DATA SUPPLIED:
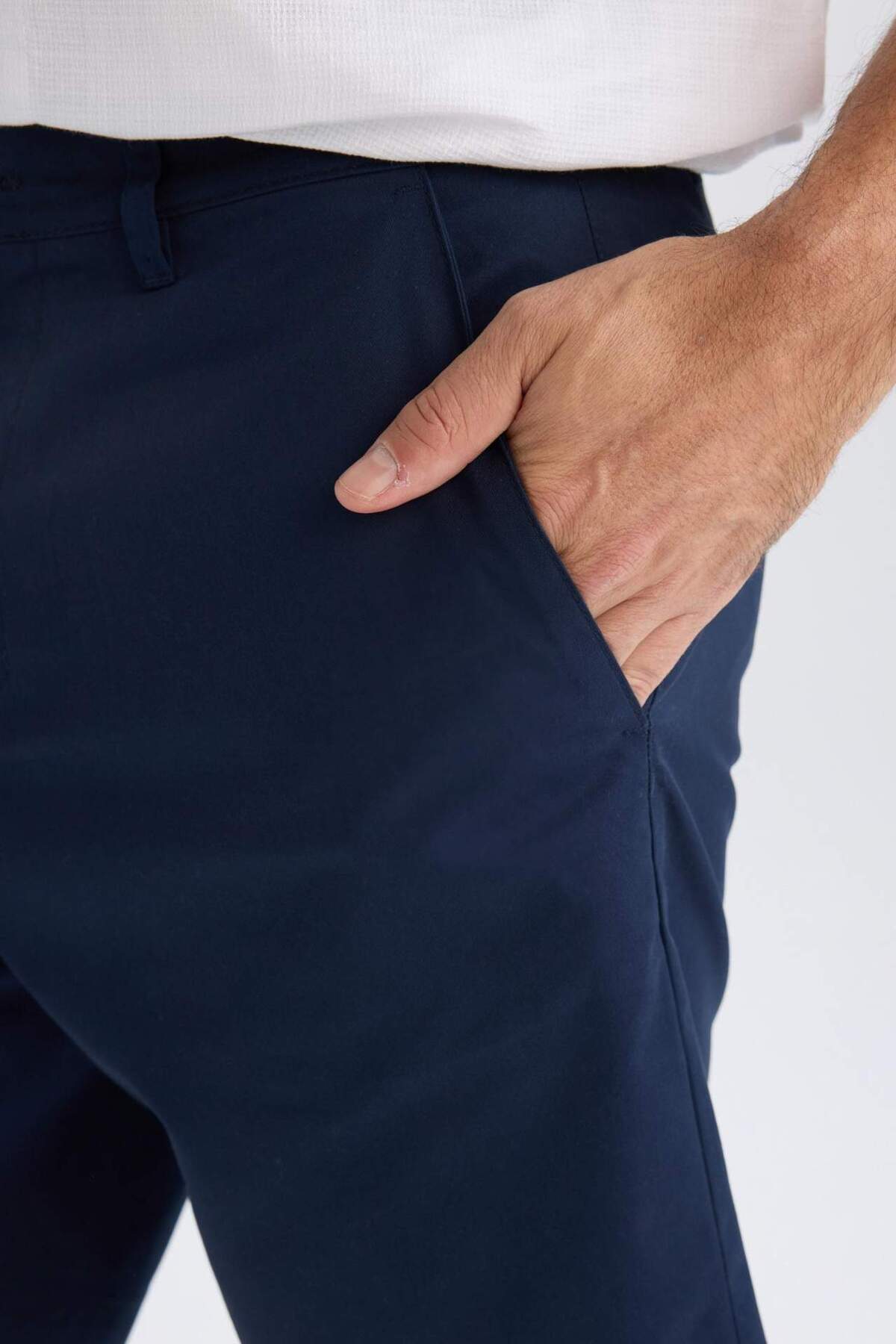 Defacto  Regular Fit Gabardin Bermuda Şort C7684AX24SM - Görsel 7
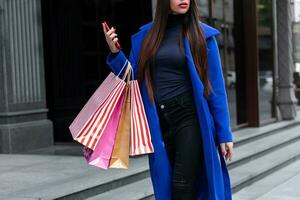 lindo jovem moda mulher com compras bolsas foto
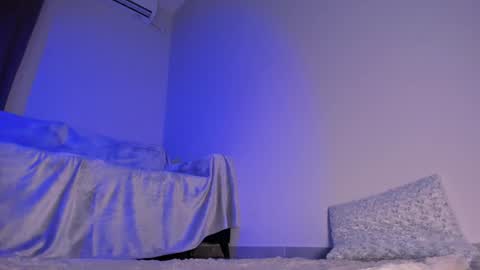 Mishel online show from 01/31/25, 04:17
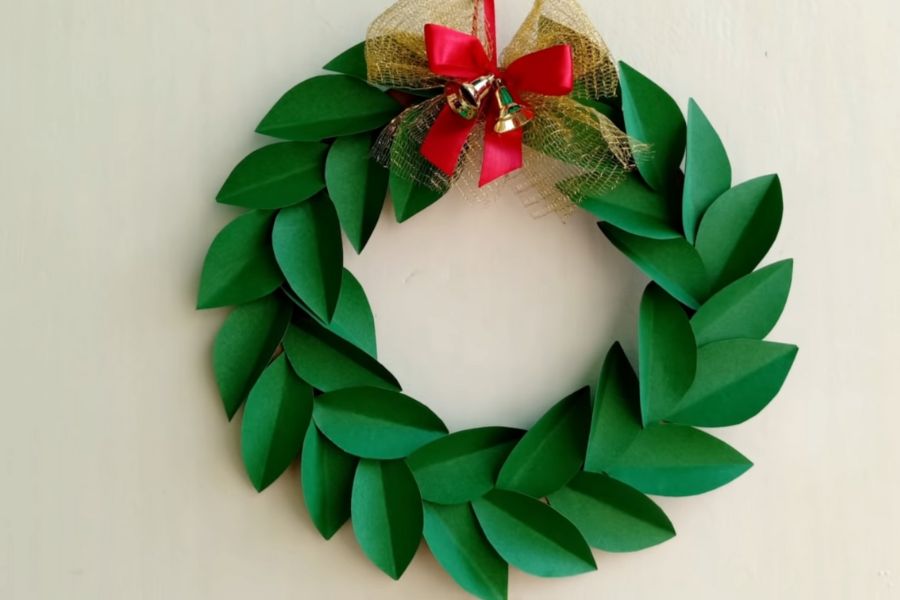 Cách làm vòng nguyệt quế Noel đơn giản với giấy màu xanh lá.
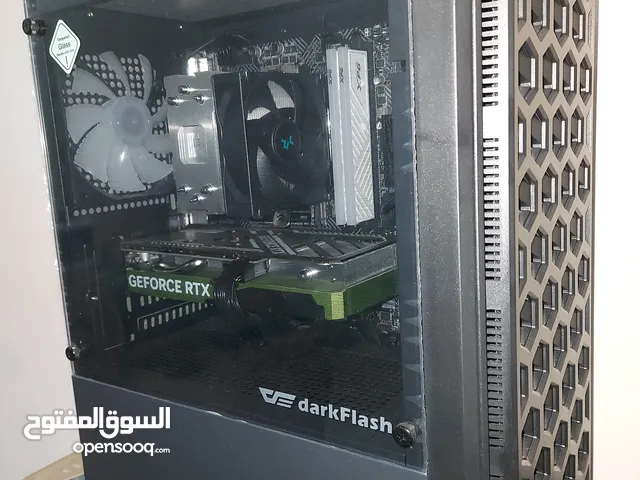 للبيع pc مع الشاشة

REQUIREMENT:
Exact copy, no pictures: reproduce every entry shown above.

SOLUTION:
 Defacto  Regular Fit Gabardin Bermuda Şort C7684AX24SM - Görsel 7
 lindo jovem moda mulher com compras bolsas foto
 Mishel online show from 01/31/25, 04:17
 Cách làm vòng nguyệt quế Noel đơn giản với giấy màu xanh lá.
 للبيع pc مع الشاشة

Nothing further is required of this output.